Metiéndose en algún otro grupo, de Jerusalén emprendió María el camino hacia Ain Karin, la aldea de la montaña de Judea a solo unos siete kilómetros, que se recorrían en un par de horas. Dice Lucas que María “fue con prontitud”. Un detalle psicológico precioso, es decir, llena de ilusión y alegría juvenil, sin la pena de que, por su virginidad ofrecida a Dios, hubiera quedado con la vergüenza de toda mujer israelita al verse estéril de por vida. Ahora, permaneciendo virgen, era también mamá, y su alegría era inmensa. Además, como hija del pueblo, como una “pobre de Yahvé” que escuchaba en la sinagoga cada sábado las profecías y suspiraba como nadie por la venida del Cristo, no podía con su gozo: ¡Si supieran lo que yo llevo dentro!…
Llegada a la casa de Zacarías, Isabel, que se ha recluido recatadamente durante su embarazo, ahora sale a la puerta con las señales evidentes de su maternidad, las dos “madres” estallan en gozo incontenible y desarrollan una escena idílica por demás:
-¡Isabel!…
-¡María! ¿Tú por aquí?…
Un abrazo y unos besos efusivos entre las dos primas. De repente, Isabel se calla enajenada. Y vuelta en sí, exclama con sorpresa:
-Pero, ¿qué es esto? ¿Si la criatura que llevo en mi seno está dando saltos de alegría? ¿Por qué?…
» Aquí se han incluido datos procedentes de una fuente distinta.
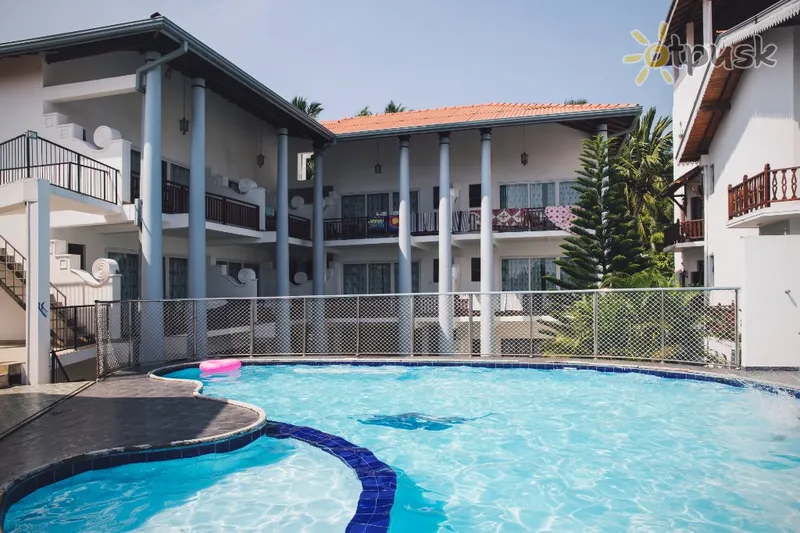 Фото отеля Neptune Bay Hotel 3* Унаватуна Шрі Ланка екстер'єр та басейни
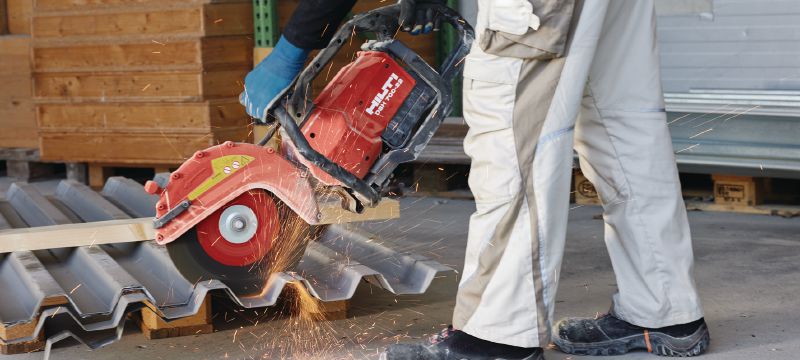 DSH 700-22 akku leikkuri (takakahva) Kestävä, takakahvallinen akkutoiminen leikkuri betonin, metallin ja muurauksen käsittelyyn (Nuron-akkualusta) Sovellukset 1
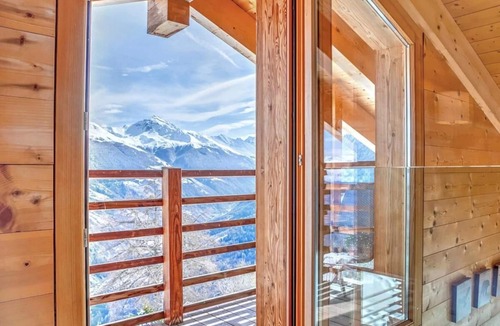 Heremence Ski Chalet | Chalet, sauna, terrace, balcony, fireplace or stove, parking, tv, ski locker, 200m², Thyon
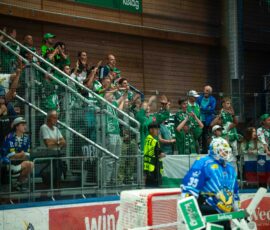 Navijači HK Olimpija spremljajo prijateljsko tekmo v Beljaku.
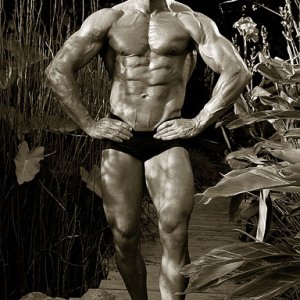 vintage style physique photo 1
Su sorpresa le dura muy poco. El Espíritu Santo se posesiona de ella y la ilumina poderosamente. María no ha dicho ni una palabra, pero Isabel lo comprende todo, y suelta un exabrupto a gritos:
-¡Bendita tú entre las mujeres y bendito el fruto de tu vientre! ¿Y de dónde a mí que venga a verme la madre de mi Señor? Si con solo escuchar yo tu saludo, la criatura no se ha aguantado y ha empezado a saltar dentro de mí.
Juan había quedado santificado en el seno de su madre. E Isabel sigue hablando:
-¡Dichosa tú que has creído, pues se cumplirá en ti todo lo que el Señor te ha dicho!
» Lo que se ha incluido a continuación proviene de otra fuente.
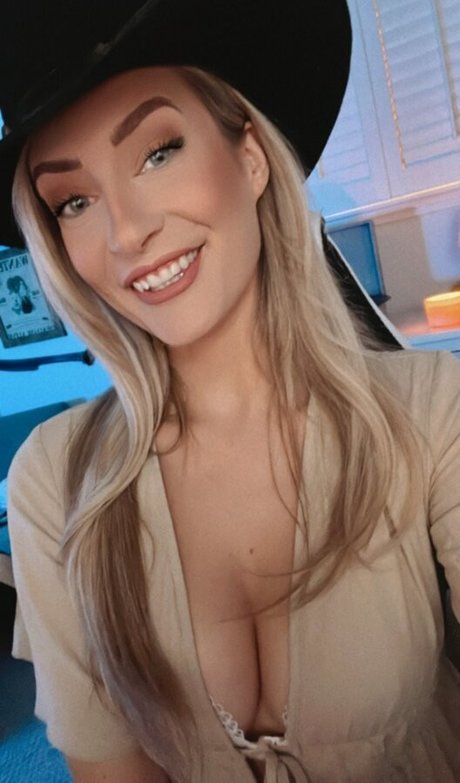 BasicWitGirl photo 22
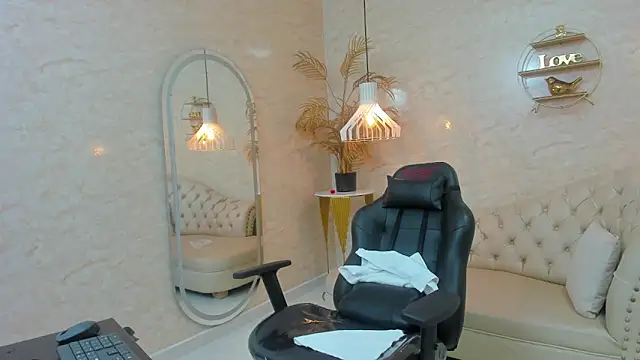 CAAMII SWEETT online show from 05/06/26, 07:51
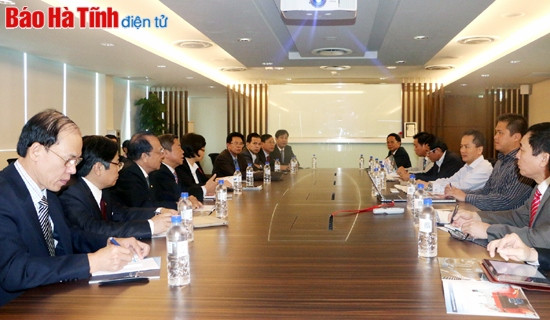 Xứng đáng là "người mở đường tin cậy”, góp phần đưa Hà Tĩnh phát triển, hội nhập ảnh 2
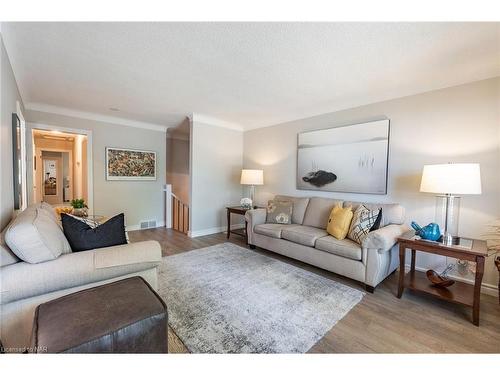 10 Wedgewood Court, St. Catharines, ON - Indoor Photo Showing Living Room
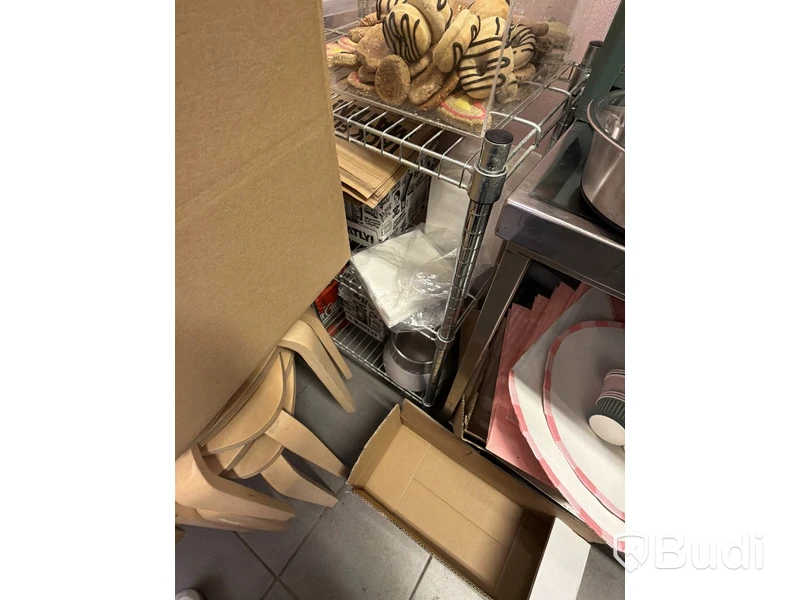 Hyllsystem i metall med tillbehör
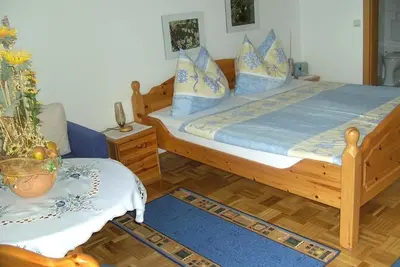 Double room with balcony no. 3 - Gästehaus Stöckler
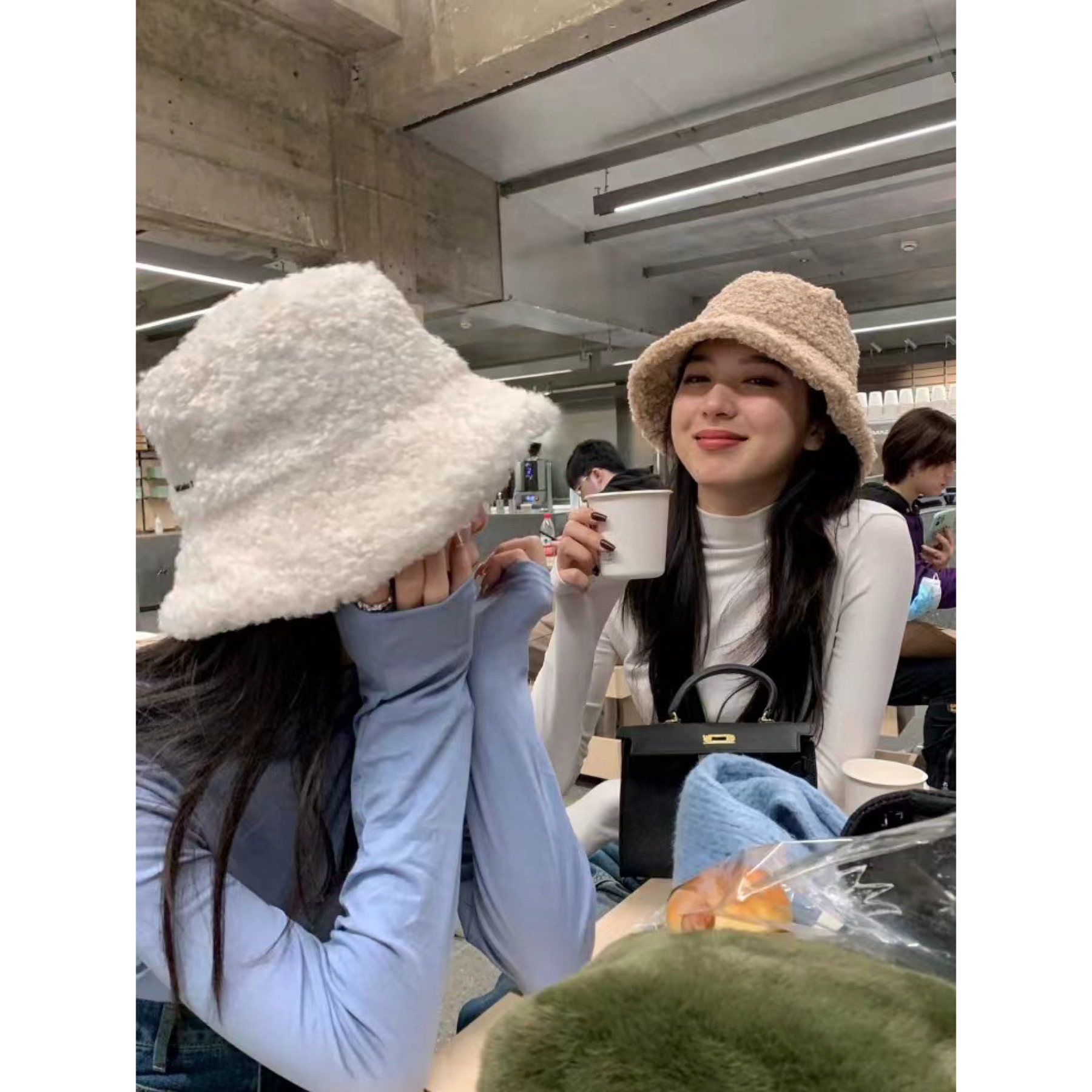 闺蜜哒 68016 恒温半高领打底衫 设计师潮牌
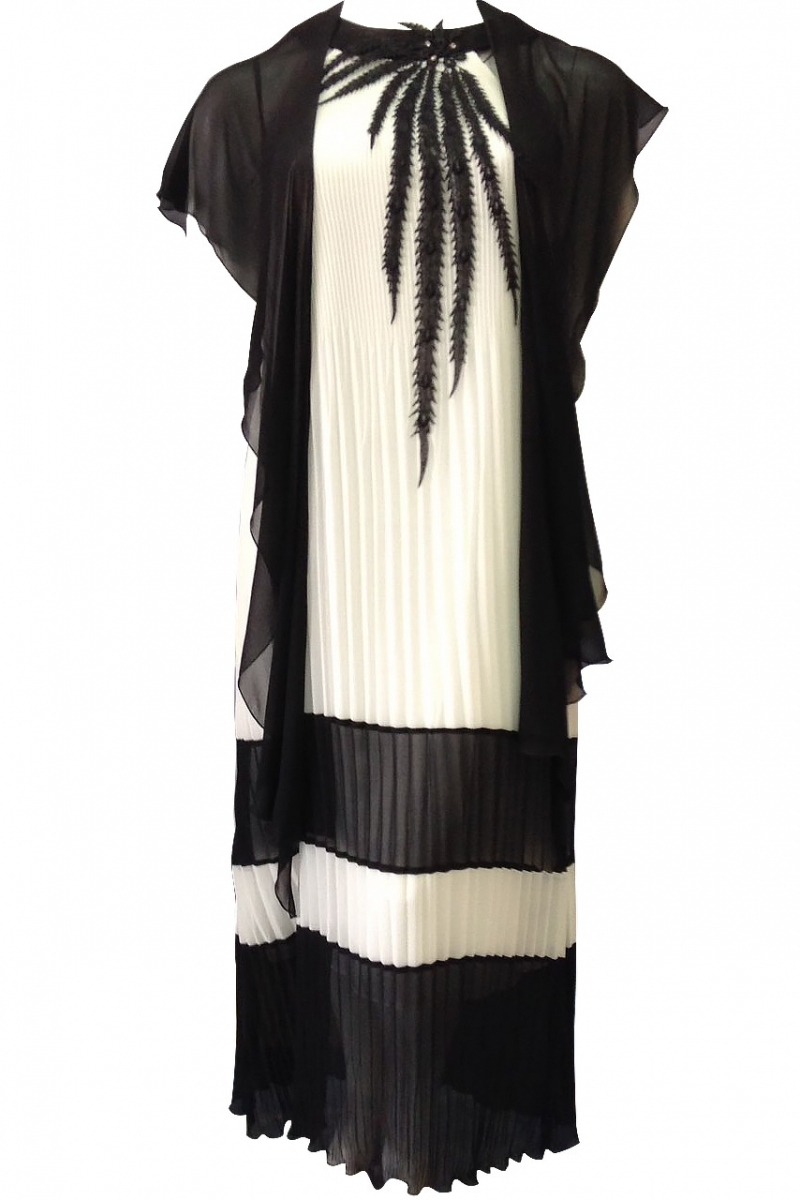 Плиссированное черно-белое платье с накидкой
María calla pensativa. Se siente también de repente dominada por el Espíritu, y, sin pensárselo tampoco, estalla en otro grito igualmente incomprensible:
-¡Proclama mi alma la grandeza del Señor, y se alegra mi espíritu en Dios mi salvador porque ha puesto los ojos en la pequeñez de su esclava! Desde ahora me llamarán dichosa las gentes de todos los tiempos, porque ha hecho cosas grandes en mí el que es Todopoderoso…
¿Idilio y encantos solamente en esta escena incomparable de las
dos mamás? No. Se esconden verdades muy grandes que la Iglesia guarda con mucho amor. Ante todo, Juan es santificado por Jesús, pero Jesús lo hace por medio del simple saludo de su Madre. Así será María siempre: ella dará su Hijo, el cual será quien realice la salvación de todos, con María asociada a su obra redentora.
Con esa palabra de Isabel a María, “¡Feliz la que ha creído!”, nos asegura a los creyentes la dicha de nuestra fidelidad a la Palabra de Dios.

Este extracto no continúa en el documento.